Which of the following statements is correct?
Boosting combines multiple weak learners to make a strong model. - Boosting follows sequential modeling and combines multiple weak learners to make a strong model.
Which of the following is correct with regards to XGBoost? A. It can build learners parallelly B. It has the advantage of distributed computing
Both A and B - XGBoost can build learners parallelly and has the advantage of distributed computing.
Which of the following statements is/are correct regarding AdaBoost? A) It builds weak learners(decision tree) with restricted depth B) It builds weak learners(decision tree) - Till a tree is fully grown C) Weights of incorrectly classified points are decreased D) Weights of incorrectly classified points are increased
Both A and D - Adaboost builds weak learners (decision trees) with restricted depth. Since the decision trees are weak learners, therefore they are mainly one-step or two-step decision trees (restricted depth). In an AdaBoost model, weights of data points that have been incorrectly classified by the previous learner are increased before they are used to train the subsequent learner.
Which of the following is/are true: I) In the AdaBoost model, after the first run, the weightage of data points that were predicted wrong is increased. II) AdaBoost consists of under-fitted models.
Both I and II - In the AdaBoost model, after the first run, the weightage of data points that were predicted wrong by the first learner is increased before the data points are used to train the second learner. AdaBoost consists of under-fitted models since it is built up of weak learners.
Select True or False for the following statement: Each tree contributes equally to the final prediction by AdaBoost
False - A weighted voting/weighted average is taken among the models/trees to get the final prediction by the AdaBoost model.
Select True or False for the following statement: In Gradient Boosting, init is a hyperparameter that specifies the base estimator of the algorithm.
False - In Gradient Boosting, init is a hyperparameter that specifies an estimator object that is used to compute the initial predictions.

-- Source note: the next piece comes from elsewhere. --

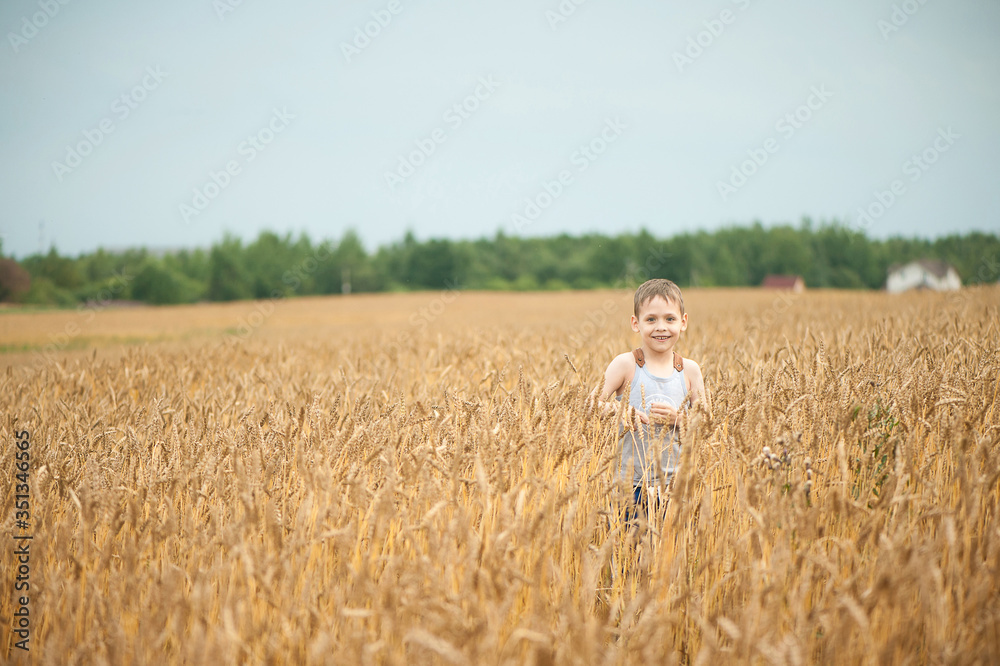 Little cute boy in a gray T-shirt walks on a wheat field in summer. The concept of health, freedom, childhood and joy. Little cute boy in a gray T-shirt walks on a wheat field in summer. The concept of health, freedom, childhood and joy.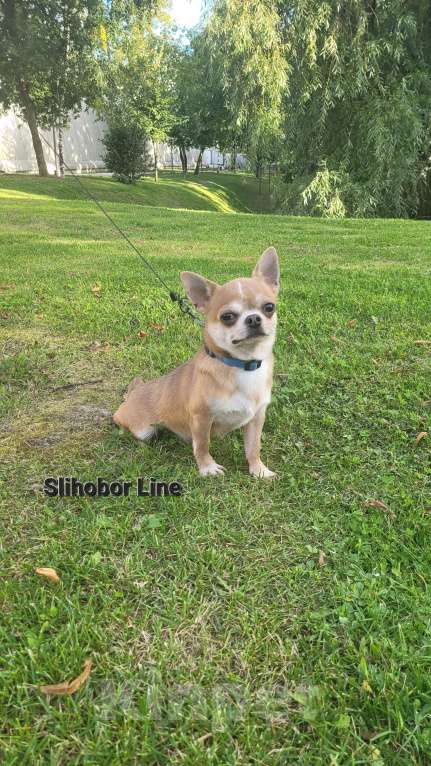 Собаки в Москве: Чихуахуа взрослый мальчик Мальчик, Бесплатно - фото 2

Select True or False for the following statement: The value of the learning rate is not always between 0 and 1
False - The value of the learning rate is always between 0 and 1. For example, if there are two learners and the value of the learning rate is 1, it will lead to overfitting while if the value is 0, the model will not take into account the predictions made by the second learner.

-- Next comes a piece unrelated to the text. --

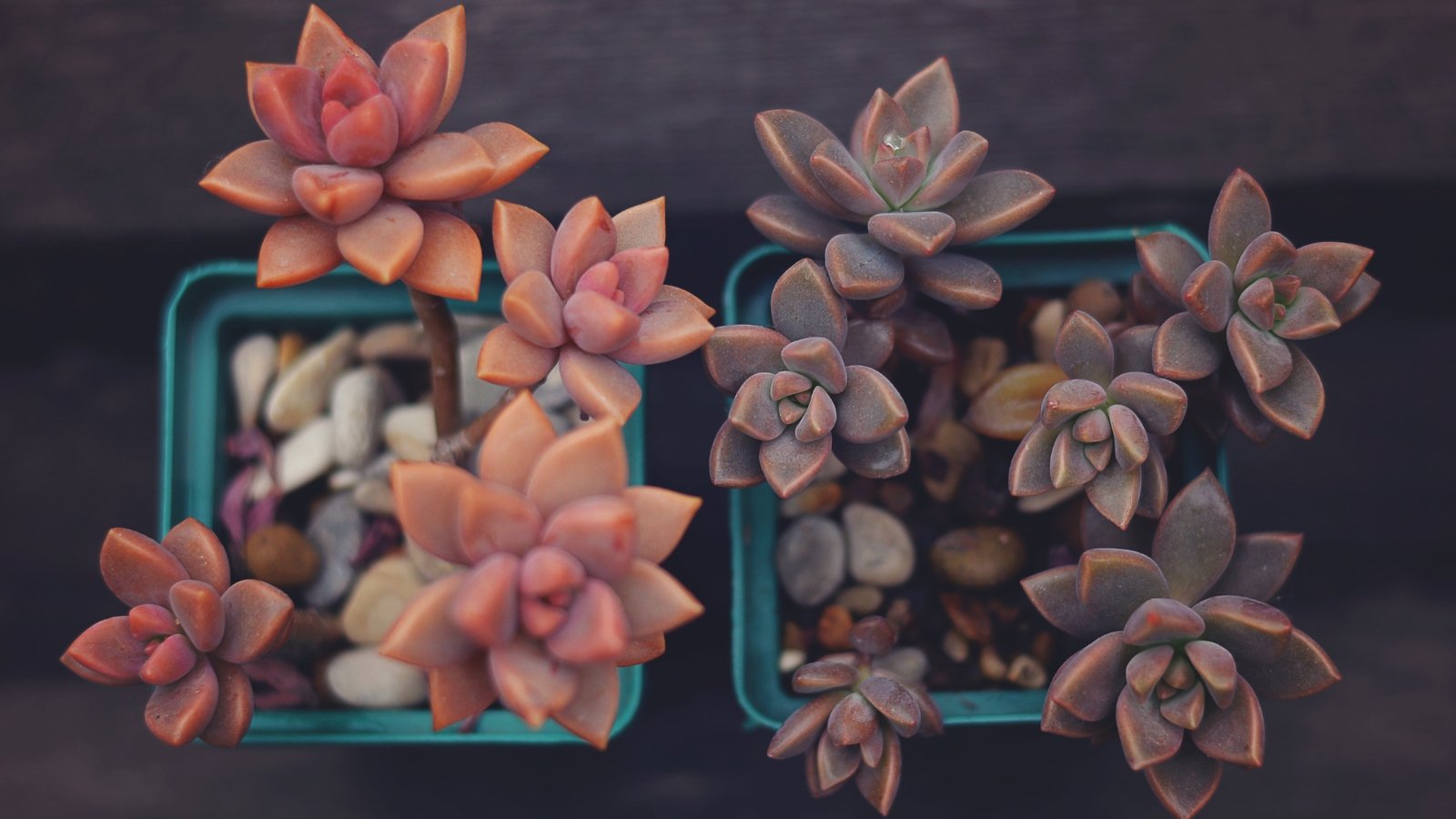 Close-up of two small blue planters hosting plants in light pink and dark purple hues, both featuring thick, plump leaves arranged in rosette clusters atop sturdy stems.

Weights of each sample remain the same for each subsequent weak learner in an Adaboost model.
False - Weights of samples may change for each subsequent weak learner in an Adaboost model. The samples which are incorrectly predicted by the previous weak learner will be given more weightage when they are used for training the subsequent weak learner.
Which 'gain' is used to build a tree in XGBoost
Gain calculated from similarity score
Which of the following predictive model(s) do not have an option to give more weightage to a certain class for classification problems?
Gradient Boost
Which of the following is not an example of boosting algorithms?
Random Forest - Random forest is an example of bagging algorithms while AdaBoost, Gradient Boosting, and XGBoost are examples of boosting algorithms.
The boosting algorithm builds models
Sequentially - The boosting algorithm builds models sequentially while the bagging algorithm builds models parallelly.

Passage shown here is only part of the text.